The end of the world ran a close second to a cartoon ogre at the Memorial Day weekend box office.
“Shrek 2” retained the top spot with $92.2 million over the long weekend, fending off the global-catastrophe tale “The Day After Tomorrow,” which debuted with $86 million, according to studio estimates Monday.
The two movies led Hollywood to a record Memorial Day weekend haul. The top 12 movies alone took in $233.5 million, easily topping the previous best of $202 million for all movies over Memorial Day weekend last year.
If the numbers for “Shrek 2” hold up when final figures are released Tuesday, the movie would have the best Memorial Day weekend gross ever, beating the $90.2 million take for “The Lost World: Jurassic Park” in 1997.
In its second weekend, “Shrek 2” pushed its total to $257 million since opening May 19. The sequel should pass the $267.7 million domestic total for the first “Shrek” by Wednesday or Thursday, said Jim Tharp, head of distribution for DreamWorks, which released both animated hits.
“Shrek 2” will pass $300 million, but Tharp would not predict if it had a shot at beating the $340 million total for “Finding Nemo,” the box-office champ among animated movies.
“We think we’ll be well over $300 million. We just don’t know how far over yet,” Tharp said. “Shrek 2” faces stiff competition for the family crowd this coming weekend from the debut of “Harry Potter and the Prisoner of Azkaban,” Tharp said.

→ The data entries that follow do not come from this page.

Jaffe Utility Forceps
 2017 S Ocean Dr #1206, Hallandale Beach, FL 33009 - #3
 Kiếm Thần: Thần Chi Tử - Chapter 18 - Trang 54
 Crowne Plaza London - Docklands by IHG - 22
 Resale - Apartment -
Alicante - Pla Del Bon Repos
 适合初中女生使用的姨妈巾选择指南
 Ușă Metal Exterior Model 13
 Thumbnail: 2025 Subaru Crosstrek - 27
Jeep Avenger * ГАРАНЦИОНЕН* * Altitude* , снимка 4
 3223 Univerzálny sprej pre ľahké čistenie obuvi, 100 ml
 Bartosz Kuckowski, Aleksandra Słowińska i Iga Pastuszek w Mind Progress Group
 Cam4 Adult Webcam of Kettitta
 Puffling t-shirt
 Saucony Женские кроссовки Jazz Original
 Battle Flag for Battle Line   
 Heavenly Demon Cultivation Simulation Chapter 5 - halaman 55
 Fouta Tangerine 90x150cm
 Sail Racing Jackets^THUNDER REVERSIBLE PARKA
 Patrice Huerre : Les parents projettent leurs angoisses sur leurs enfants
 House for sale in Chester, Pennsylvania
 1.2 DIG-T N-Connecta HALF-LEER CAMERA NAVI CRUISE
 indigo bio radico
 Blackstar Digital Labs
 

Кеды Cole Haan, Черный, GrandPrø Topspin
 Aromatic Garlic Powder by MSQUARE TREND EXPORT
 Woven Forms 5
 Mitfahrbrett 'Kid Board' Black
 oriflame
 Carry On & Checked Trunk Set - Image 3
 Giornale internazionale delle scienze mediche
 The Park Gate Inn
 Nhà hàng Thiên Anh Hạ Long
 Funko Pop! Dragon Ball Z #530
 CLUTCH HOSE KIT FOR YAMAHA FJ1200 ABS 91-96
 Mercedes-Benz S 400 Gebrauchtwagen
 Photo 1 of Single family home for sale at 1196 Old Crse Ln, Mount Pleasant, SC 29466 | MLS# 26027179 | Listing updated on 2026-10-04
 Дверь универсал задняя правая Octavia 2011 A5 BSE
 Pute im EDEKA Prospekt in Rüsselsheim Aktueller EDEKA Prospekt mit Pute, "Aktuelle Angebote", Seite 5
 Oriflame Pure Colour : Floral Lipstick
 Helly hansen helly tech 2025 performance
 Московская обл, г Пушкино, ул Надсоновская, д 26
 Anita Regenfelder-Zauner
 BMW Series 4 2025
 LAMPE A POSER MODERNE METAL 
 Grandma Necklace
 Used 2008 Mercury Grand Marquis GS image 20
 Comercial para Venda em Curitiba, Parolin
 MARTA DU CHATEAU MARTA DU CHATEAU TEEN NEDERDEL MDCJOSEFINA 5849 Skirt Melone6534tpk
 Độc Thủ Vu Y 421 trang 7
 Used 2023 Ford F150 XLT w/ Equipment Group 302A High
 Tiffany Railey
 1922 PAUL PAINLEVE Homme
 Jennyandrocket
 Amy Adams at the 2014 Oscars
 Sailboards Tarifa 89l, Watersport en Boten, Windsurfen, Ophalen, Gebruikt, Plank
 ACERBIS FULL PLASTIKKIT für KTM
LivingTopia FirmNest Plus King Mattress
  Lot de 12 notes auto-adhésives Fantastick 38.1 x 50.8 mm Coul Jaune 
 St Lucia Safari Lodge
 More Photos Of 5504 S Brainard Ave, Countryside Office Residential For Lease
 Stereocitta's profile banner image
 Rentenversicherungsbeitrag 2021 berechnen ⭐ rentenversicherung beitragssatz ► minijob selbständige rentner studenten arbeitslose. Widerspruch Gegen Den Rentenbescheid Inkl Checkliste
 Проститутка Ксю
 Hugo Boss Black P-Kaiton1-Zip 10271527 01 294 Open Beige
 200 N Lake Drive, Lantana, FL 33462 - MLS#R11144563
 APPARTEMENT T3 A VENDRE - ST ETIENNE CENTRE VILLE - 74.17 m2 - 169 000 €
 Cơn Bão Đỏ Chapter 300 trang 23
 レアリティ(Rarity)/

20th Century Fox, the studio behind “The Day After Tomorrow,” was happy to come in second to “Shrek 2,” said head of distribution Bruce Snyder.
“It’s amazing how the marketplace expanded to embrace ‘Day After Tomorrow’ with ‘Shrek’ already taking up so much business,” Snyder said.
“The Day After Tomorrow” features Dennis Quaid as a scientist trying to prevent the end of the world when global warming unleashes climatological disaster. The movie’s dazzling visual effects including tidal waves flooding Manhattan and a deep freeze in Britain.
“This puts to bed any notion that audiences can’t handle doomsday scenarios or end-of-the-world-type films post-Sept. 11,” said Paul Dergarabedian, president of box-office tracker Exhibitor Relations. “People love to see things they could not deal with in real life. They love to see the world annihilated. It’s a vicarious thrill.”
“Shrek 2” and “The Day After Tomorrow” accounted for 76 percent of revenues among the top 12 movies, choking off business for two other new flicks.
Kate Hudson’s comedy “Raising Helen,” about a career woman who becomes reluctant ward to her dead sister’s three children, debuted at No. 4 with $14 million, coming in behind “Troy,” which took third with $15 million.
“Soul Plane,” about a funky airline, opened in fifth-place with $7 million.
In limited release, Jena Malone and Mandy Moore’s satiric “Saved!”, about a teenager at a Christian school ostracized when she becomes pregnant, opened strongly with $440,000 at 20 theaters.
Mario Van Peebles’ “Baadasssss!”, in which he stars as his father, Melvin, on his quest to make the seminal black-power flick “Sweet Sweetback’s Baadasssss Song,” had a modest debut of $57,929 in 13 theaters.